L’histoire pressée ne s’arrête pas, fût-ce à des cadavres jetés dans le fleuve par des policiers français. Après Mélaine, Marianne, Véronique, sans oublier Colombe au passage, le roman fait sa part à Josèphe, belle et sombre âme passionnée. Otto Preminger voulut en faire une actrice, elle s’exile sous le soleil de l’Espagne franquiste. C’est là, autour de la figure grotesque d’Orbane, que la guerre d’Algérie continue à dérouler son chapelet minable et interminable de complots et contre-complots. Mais à défaut de justice, l’histoire a ses lois. Avec l’indépendance se refermera le long périple colonial de la France. Marianne, toujours elle, part rejoindre Josèphe en Espagne. Ce voyage est l’emblème d’un présent enfin conquis, comme l’exprime le roman dans ses dernières lignes : « Ses amies, elle les voulait en chair et en os, actives et vivantes, tout en reconnaissant ce qui avait cessé d’être. Elle voulait le présent, le plein présent. Le reste était caduc, elle le savait bien. »

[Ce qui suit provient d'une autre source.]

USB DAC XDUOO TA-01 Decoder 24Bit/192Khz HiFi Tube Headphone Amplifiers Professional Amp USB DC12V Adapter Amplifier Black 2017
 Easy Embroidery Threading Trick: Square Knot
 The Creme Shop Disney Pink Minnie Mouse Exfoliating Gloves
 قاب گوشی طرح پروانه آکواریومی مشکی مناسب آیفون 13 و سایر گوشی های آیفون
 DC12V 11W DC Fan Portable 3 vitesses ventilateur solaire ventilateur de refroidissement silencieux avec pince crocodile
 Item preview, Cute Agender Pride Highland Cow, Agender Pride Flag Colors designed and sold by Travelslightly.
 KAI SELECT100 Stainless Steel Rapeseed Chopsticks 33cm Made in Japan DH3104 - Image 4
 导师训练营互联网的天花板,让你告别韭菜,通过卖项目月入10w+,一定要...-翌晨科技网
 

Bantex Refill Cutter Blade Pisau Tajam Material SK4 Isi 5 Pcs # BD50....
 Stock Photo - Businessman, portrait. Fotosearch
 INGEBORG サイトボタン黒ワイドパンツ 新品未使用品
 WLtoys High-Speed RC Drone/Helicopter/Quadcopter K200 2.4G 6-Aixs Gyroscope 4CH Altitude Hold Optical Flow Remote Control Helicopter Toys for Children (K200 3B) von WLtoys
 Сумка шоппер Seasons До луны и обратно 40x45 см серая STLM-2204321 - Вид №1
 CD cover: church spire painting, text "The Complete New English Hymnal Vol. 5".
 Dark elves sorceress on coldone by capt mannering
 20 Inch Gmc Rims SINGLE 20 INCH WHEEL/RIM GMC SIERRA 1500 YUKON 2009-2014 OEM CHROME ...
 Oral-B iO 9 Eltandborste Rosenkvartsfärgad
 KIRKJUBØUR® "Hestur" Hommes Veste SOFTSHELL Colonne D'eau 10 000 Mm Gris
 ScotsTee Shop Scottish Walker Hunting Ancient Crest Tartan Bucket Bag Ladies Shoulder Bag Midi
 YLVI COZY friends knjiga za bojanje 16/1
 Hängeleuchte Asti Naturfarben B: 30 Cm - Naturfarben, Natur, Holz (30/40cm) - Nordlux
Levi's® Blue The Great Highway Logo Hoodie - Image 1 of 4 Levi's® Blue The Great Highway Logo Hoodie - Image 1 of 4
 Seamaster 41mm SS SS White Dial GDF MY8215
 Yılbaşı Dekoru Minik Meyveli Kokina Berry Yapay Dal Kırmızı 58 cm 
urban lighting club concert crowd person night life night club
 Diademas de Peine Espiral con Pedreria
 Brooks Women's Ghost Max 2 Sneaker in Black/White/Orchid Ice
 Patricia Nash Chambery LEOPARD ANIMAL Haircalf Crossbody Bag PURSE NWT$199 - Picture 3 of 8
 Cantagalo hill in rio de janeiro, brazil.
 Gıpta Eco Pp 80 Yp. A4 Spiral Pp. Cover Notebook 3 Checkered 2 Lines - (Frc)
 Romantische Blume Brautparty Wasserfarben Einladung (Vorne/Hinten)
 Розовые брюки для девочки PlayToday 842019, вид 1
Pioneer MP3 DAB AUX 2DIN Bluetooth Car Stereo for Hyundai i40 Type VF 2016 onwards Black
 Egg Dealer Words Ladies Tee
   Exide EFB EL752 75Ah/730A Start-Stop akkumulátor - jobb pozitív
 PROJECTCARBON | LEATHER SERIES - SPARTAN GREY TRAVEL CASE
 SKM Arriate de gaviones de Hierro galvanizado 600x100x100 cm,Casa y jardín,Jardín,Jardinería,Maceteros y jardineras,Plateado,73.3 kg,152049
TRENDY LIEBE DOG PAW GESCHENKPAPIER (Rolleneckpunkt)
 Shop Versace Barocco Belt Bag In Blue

Dès le début Mélaine et Marianne ont deux égéries, elles les appellent les Sylphides. Il y a la blonde et la brune. Des romancières dont elles dévorent les ouvrages, les titres égrenés reviennent au fil des pages : Riche et légère, Etxemendi, l’Insuccès de la fête ou le Repos de Penthésilée, Si j’étais mon chien, Ici commence. Nous avons tous eu dans notre jeunesse de tels phares, mais sous les icônes littéraires réinventées, on reconnaît sans difficulté la blonde Florence Delay, la brune Natacha Michel, dont l’œuvre, à l’époque de la jeunesse de Mélaine et Marianne, est tout entière à venir. Avec ce clin d’œil, Natacha Michel semble nous dire qu’on ne se penche pas sur le passé sans illusions ni désillusions. Quand l’histoire a découvert ses cartes, c’est tout jeu en mains que le roman joue la vie. Et c’est pourquoi à la fin de cette recherche d’une jeunesse perdue, l’ombre des jeunes filles projette devant elles non le tremblement du temps retrouvé mais l’éloge amoureux du plein présent.
Refermant le volume, le lecteur regrette néanmoins de devoir mettre un bémol à son plaisir. Il l’emprunte à Marianne, qui se refuse à faire à Véronique « le coup de la fatuité savante ». Peut-être Natacha Michel aurait-elle dû davantage se plier à la vertu de sa principale héroïne. Trop, vraiment trop de clés littéraires parsèment les pages de son livre. La romancière en fait passer beaucoup avec vivacité, on lui accorde volontiers que trop peut faire cliché, et le cliché époque, mais pour le lecteur vient une mesure où trop finit simplement par faire trop.